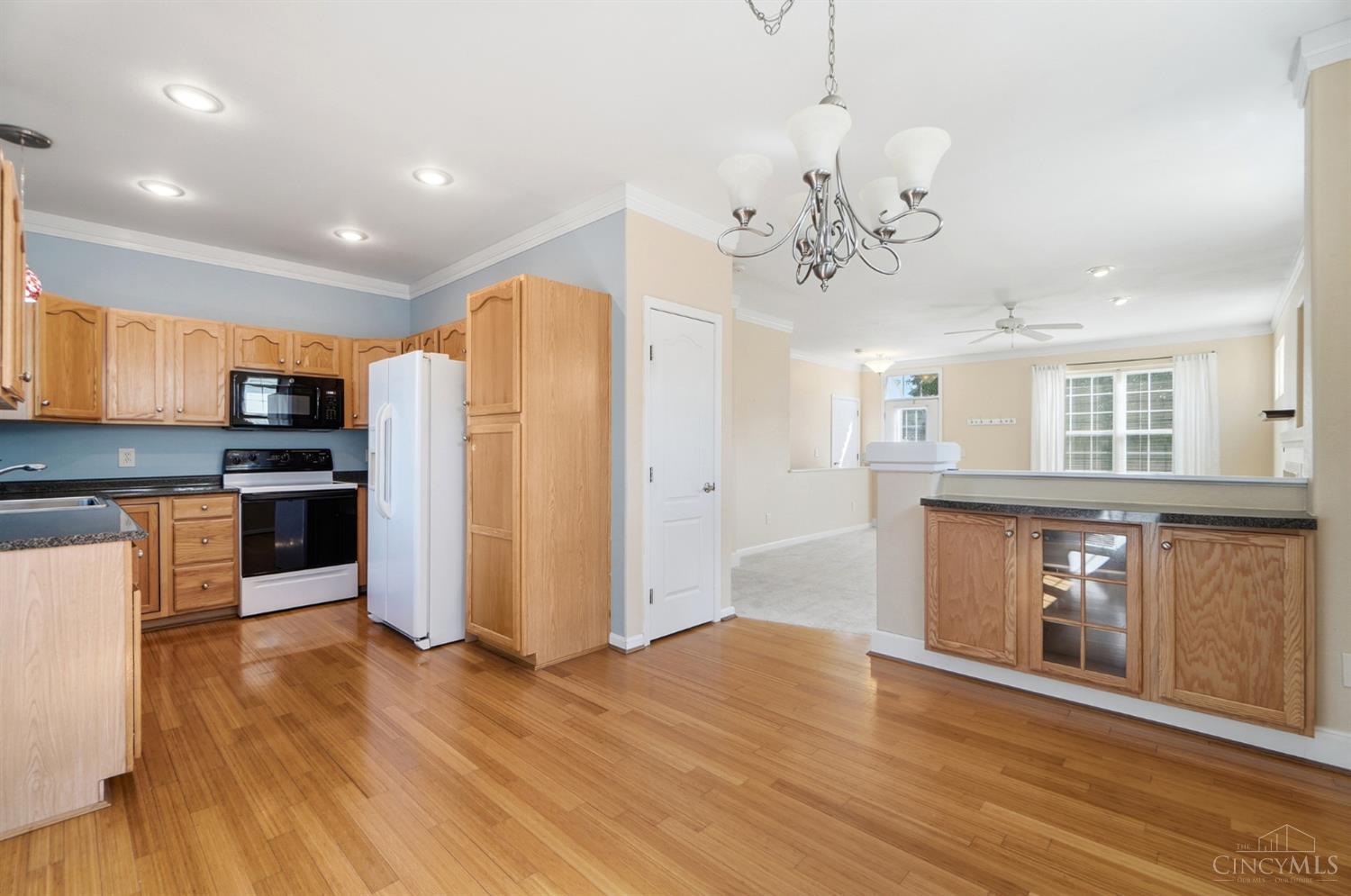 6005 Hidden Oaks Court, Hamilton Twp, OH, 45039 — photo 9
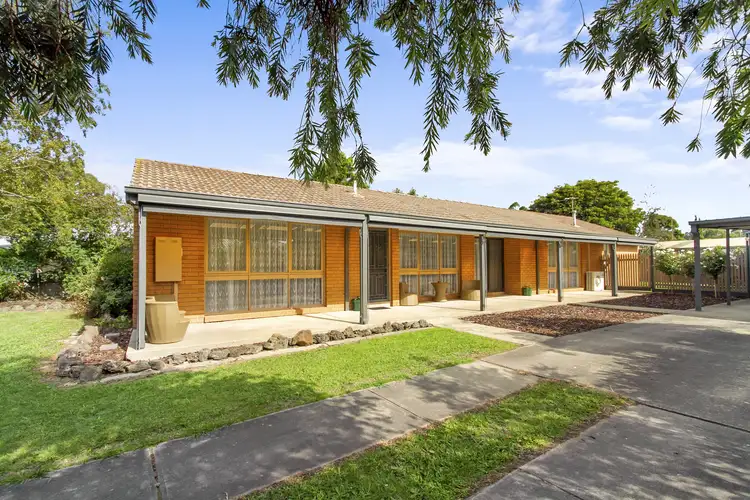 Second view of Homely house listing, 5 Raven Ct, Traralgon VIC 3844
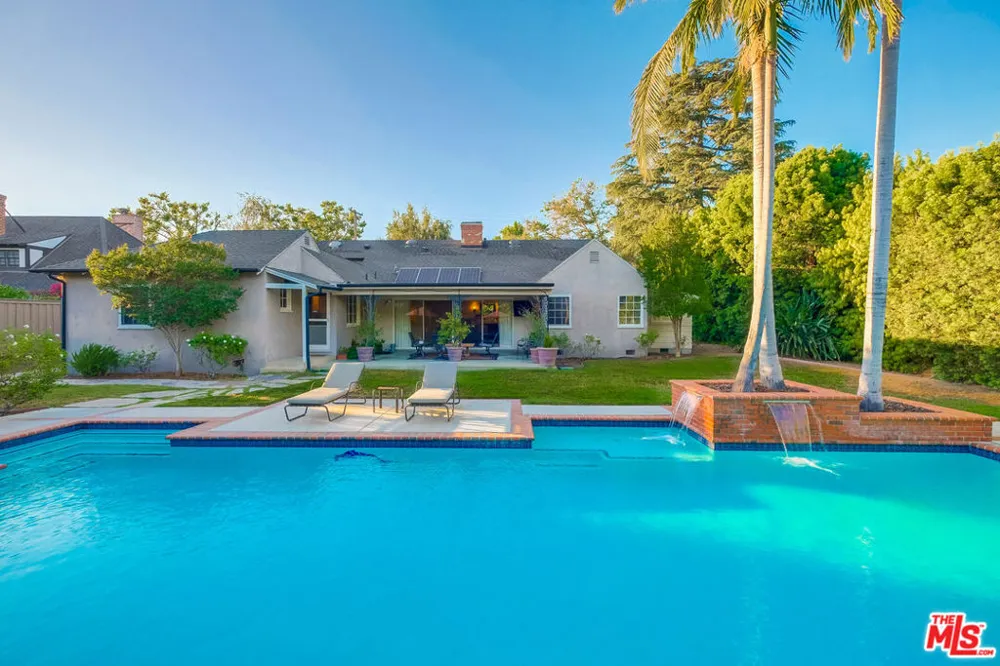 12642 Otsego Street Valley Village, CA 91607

[YOUR ASSIGNMENT]
I would like you to set down the lines above, from the one containing "Second view of" to the final line, exactly as written and without pictures.

[OUTPUT FOR THIS TASK]
 Second view of Homely house listing, 5 Raven Ct, Traralgon VIC 3844
 12642 Otsego Street Valley Village, CA 91607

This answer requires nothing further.